Dans la localité de Kekem, au cœur du bassin cacaoyer de l’Ouest camerounais, une nouvelle étape vient d’être franchie dans la mutation énergétique du tissu industriel. L’entreprise Neo Industry S.A, spécialisée dans la transformation du cacao, s’engage dans une stratégie d’autonomie énergétique en optant pour une solution solaire de grande capacité. La convention signée avec Empower New Energy et Eclipse Énergies Renouvelables marque l’aboutissement de plusieurs mois de préparation technique et financière.
Le projet prévoit l’installation d’une centrale photovoltaïque de 1,8 MWp, couplée à un système de stockage par batterie de 2,5 MWh. Cette infrastructure permettra à l’industriel de réduire significativement sa dépendance au réseau électrique national, souvent sujet à des perturbations, ainsi qu’à l’usage de groupes électrogènes fonctionnant au diesel. Dans un contexte où le coût de l’énergie constitue un facteur critique de compétitivité, cette transition apparaît comme un levier stratégique pour optimiser les performances opérationnelles.
Au-delà de la sécurisation de l’approvisionnement, l’initiative vise également à réduire l’empreinte carbone de l’entreprise. Selon les estimations communiquées, près de 1 505 tonnes d’émissions de CO₂ pourraient être évitées chaque année grâce à cette installation. Ce positionnement s’inscrit dans une tendance globale observée dans les industries africaines, où l’intégration des énergies renouvelables devient un outil de conformité aux standards internationaux, notamment pour les exportations vers les marchés européens et nord-américains.

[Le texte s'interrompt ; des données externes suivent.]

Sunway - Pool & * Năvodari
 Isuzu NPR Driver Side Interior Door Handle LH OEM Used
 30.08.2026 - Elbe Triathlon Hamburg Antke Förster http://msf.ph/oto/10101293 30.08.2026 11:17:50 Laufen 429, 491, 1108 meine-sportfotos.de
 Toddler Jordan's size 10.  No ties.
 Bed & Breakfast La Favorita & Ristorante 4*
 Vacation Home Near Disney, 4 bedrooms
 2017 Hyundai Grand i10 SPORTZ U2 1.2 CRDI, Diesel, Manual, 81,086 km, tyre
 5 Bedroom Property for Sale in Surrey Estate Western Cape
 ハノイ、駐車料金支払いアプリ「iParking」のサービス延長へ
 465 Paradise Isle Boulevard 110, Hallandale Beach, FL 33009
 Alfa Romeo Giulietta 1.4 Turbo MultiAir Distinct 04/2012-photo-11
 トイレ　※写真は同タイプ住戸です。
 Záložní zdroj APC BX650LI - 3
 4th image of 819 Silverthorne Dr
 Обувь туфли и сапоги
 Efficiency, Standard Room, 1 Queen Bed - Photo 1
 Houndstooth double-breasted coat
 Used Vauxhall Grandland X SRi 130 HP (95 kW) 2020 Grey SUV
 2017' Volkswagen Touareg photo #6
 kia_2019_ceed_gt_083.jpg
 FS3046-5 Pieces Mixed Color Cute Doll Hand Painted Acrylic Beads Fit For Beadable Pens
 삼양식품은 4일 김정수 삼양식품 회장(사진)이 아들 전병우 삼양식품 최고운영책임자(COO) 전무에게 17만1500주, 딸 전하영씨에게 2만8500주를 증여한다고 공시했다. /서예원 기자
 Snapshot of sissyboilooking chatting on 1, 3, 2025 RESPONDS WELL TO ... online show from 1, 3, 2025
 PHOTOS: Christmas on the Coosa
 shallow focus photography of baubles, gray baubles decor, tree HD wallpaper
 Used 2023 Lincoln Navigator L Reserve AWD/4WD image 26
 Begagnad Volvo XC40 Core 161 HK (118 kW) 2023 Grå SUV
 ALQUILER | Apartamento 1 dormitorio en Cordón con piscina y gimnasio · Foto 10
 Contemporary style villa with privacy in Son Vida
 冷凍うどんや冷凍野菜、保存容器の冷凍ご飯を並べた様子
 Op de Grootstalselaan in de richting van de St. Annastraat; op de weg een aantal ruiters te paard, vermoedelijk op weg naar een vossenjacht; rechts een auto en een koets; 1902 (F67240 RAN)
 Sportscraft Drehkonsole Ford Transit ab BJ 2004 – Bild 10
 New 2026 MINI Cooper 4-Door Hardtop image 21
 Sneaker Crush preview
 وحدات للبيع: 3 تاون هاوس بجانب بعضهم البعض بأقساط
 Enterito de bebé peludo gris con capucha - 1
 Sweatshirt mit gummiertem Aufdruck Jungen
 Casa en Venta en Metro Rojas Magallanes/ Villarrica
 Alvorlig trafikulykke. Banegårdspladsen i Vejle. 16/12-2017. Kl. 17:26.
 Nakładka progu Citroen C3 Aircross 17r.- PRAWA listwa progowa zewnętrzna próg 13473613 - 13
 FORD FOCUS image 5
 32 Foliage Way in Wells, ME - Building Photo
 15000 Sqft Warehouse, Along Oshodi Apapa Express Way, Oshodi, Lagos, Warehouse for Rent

Le modèle contractuel retenu repose sur un accord de fourniture d’électricité à long terme, d’une durée de 25 ans. Dans ce cadre, Empower New Energy assure le financement, la construction, l’exploitation et la maintenance des installations, garantissant ainsi une solution clé en main pour Neo Industry. Ce type de partenariat, de plus en plus répandu sur le continent, permet aux entreprises de bénéficier d’infrastructures modernes sans mobiliser immédiatement des capitaux importants.
Pour les responsables de Neo Industry, cette initiative dépasse la simple question énergétique. Elle traduit une ambition plus large de structuration industrielle et de montée en gamme. En renforçant la maîtrise des coûts et la stabilité de la production, l’entreprise consolide sa position dans la chaîne de valeur du cacao, en privilégiant la transformation locale des fèves en produits semi-finis. Le Cameroun, qui produit plus de 290 000 tonnes de cacao par an, cherche justement à accroître la part de transformation locale afin de capter davantage de valeur ajoutée.
Sur le plan sectoriel, ce projet pourrait faire figure de référence pour d’autres acteurs industriels confrontés aux mêmes contraintes énergétiques. Dans un pays où la demande en électricité progresse de plus de 6 % par an, selon les données sectorielles, le recours aux solutions hybrides et renouvelables apparaît comme une réponse adaptée aux défis de fiabilité et de coût.
À travers cette initiative, Neo Industry et ses partenaires ouvrent ainsi la voie à une nouvelle génération d’investissements industriels intégrant pleinement les enjeux énergétiques, environnementaux et économiques, dans un contexte où la compétitivité des entreprises africaines dépend de plus en plus de leur capacité à innover et à sécuriser leurs ressources stratégiques.